EthioMart aims to become the primary hub for Telegram-based e-commerce in Ethiopia by centralizing real-time data from various channels. This project focuses on building an Amharic Named Entity Recognition (NER) system to extract key business entities (product names, prices, locations, contacts) from Telegram messages and images. The extracted data will populate EthioMart's centralized database, enabling a seamless experience for customers and informing FinTech initiatives like vendor loan assessments.

This project leverages Python, Telegram API, and data science tools to build a robust data pipeline, from scraping and preprocessing to model fine-tuning and interpretability.

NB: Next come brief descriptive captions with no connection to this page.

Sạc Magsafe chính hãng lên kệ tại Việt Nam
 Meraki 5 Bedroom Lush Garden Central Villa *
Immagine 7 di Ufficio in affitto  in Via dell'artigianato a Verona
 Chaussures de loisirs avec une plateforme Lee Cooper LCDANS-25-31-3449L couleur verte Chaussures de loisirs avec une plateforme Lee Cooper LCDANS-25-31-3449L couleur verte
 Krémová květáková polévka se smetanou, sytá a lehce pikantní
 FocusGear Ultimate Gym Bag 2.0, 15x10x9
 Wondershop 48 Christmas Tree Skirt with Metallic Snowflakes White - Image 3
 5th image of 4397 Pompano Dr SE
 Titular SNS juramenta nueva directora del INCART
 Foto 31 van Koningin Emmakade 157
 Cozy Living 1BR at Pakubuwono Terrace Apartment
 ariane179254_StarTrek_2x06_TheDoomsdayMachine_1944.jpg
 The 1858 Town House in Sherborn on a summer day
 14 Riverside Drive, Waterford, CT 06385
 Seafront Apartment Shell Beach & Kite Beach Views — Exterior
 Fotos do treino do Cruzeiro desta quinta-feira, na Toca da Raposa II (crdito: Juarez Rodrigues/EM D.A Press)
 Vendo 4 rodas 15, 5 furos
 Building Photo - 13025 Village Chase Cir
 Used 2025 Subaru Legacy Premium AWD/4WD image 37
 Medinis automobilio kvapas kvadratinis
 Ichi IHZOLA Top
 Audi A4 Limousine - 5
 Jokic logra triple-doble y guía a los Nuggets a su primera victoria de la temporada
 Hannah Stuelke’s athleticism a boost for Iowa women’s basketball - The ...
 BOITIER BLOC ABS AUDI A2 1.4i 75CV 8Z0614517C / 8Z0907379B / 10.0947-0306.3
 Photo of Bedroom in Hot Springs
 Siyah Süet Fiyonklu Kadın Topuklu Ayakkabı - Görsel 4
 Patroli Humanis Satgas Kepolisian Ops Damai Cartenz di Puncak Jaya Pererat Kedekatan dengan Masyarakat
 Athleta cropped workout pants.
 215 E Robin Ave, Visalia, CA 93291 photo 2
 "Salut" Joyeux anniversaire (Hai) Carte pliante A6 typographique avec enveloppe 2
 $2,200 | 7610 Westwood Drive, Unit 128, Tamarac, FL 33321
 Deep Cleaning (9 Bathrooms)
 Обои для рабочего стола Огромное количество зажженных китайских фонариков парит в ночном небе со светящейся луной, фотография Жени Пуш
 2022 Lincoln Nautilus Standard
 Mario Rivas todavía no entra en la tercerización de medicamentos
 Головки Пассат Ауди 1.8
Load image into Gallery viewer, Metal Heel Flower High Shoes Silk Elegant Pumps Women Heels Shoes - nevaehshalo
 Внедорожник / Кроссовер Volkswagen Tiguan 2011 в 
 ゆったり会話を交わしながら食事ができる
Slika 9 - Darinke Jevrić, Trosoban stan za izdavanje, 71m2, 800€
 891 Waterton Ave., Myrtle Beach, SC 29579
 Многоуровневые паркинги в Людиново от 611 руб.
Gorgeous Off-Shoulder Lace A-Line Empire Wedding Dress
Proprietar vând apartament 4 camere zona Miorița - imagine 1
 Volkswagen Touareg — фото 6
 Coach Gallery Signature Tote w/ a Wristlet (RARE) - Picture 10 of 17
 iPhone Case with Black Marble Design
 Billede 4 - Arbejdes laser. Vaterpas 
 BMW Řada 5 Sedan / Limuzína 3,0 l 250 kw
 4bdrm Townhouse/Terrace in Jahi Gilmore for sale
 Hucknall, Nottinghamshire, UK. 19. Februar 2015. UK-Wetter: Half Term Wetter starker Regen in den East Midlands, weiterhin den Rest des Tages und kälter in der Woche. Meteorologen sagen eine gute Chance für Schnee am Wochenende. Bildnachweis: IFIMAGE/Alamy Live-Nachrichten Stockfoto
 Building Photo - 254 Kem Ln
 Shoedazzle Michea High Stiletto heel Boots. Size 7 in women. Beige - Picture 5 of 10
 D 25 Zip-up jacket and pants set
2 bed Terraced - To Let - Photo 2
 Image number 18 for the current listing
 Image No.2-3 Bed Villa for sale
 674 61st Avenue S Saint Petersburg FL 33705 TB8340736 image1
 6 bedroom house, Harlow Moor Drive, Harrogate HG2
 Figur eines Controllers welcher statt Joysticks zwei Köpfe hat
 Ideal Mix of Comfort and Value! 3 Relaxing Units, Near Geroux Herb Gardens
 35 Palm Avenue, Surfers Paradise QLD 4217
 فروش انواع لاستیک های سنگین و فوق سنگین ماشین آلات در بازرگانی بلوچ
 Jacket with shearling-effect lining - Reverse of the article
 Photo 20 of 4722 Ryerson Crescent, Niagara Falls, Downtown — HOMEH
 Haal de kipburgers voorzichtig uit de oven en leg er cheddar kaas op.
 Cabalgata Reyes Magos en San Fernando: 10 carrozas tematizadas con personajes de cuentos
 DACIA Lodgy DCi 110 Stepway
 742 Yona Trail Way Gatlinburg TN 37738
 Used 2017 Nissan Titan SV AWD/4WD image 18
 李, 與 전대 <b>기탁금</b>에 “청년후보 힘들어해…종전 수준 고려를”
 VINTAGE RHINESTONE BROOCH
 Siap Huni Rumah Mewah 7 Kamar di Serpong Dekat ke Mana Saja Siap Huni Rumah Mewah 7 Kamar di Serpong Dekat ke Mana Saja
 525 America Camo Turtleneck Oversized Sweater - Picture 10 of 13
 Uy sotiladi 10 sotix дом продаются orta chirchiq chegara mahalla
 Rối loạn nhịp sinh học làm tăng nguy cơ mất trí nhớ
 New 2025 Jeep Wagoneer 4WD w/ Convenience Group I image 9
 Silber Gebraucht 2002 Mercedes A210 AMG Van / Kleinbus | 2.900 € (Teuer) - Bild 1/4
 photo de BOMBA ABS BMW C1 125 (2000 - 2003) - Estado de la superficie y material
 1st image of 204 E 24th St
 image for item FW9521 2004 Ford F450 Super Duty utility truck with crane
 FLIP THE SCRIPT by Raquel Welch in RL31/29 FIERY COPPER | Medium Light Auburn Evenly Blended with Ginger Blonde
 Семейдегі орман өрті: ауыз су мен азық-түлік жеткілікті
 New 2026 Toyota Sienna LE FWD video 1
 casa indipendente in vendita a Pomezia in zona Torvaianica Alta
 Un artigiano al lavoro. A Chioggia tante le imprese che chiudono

🏗️ 1. Project Setup, Data Collection and Preprocessing

Deliverables:

GitHub code for Task 1 (data ingestion and preprocessing).
Data summary (1-2 pages) covering data preparation and labeling steps.

Repo/Project Structure

EthioMart/
├── src/
│   ├── telegram_scraper.py # Collects raw data from Telegram channels
│   ├── preprocessor.py     # Cleans and preprocesses raw text data
│   ├── data_labeler.py     # Rule-based labeling for NER (Task 2)
│   └── model_finetuner.py  # Fine-tunes NER models (Task 3 & 4)
├── config/
│   └── config.py           # Stores configuration variables (e.g., API credentials, channel list)
├── data/
│   ├── raw/                # Stores raw scraped data (e.g., telegram_data.csv)
│   │   └── telegram_data.csv
│   ├── processed/          # Stores cleaned and preprocessed data
│   │   └── clean_telegram_data.csv
│   └── labeled/            # Stores manually and semi-automatically labeled data
│       └── telegram_ner_data_rule_based.conll
├── models/                 # Stores fine-tuned NER models (Task 3 & 4)
│   └── afro_xlmr_ner_fine_tuned/
├── photos/                 # Stores downloaded images from Telegram messages
├── notebooks/              # Jupyter notebooks for EDA, experimentation, and documentation
│   ├── data_ingestion_eda.ipynb
│   └── data_preprocessing_eda.ipynb
├── outputs/                # Stores generated scorecard, plots and visualizations
│   └── plots/
│   └── vendor_scorecard.csv
├── reports/                # For interim and final project reports
├── tests/                  # Unit tests for various modules (e.g., preprocessor)
│   └── test_preprocessor.py
│   └── test_telegram_scraper.py
├── .github/workflows/      # CI/CD pipelines (e.g., for DVC and code quality)
├── .env                    # Environment variables (e.g., Telegram API keys)
├── requirements.txt        # Python package dependencies
├── .gitignore              # Files/directories to ignore in Git
├── README.md               # Project overview and setup instructions

Tech Stack - Tools Used

Python 3.11+
Telethon: For interacting with the Telegram API to scrape messages and metadata.
Pandas, NumPy: For efficient data manipulation and analysis.
Matplotlib, Seaborn: For data visualization and exploratory data analysis.
Jupyter Notebook: For interactive data exploration and reproducible analysis.
re (Regex): For advanced text cleaning and pattern matching.
pathlib: For robust path management.
pytest: For unit testing the project's functions.
Hugging Face transformers: For loading, fine-tuning, and evaluating transformer models.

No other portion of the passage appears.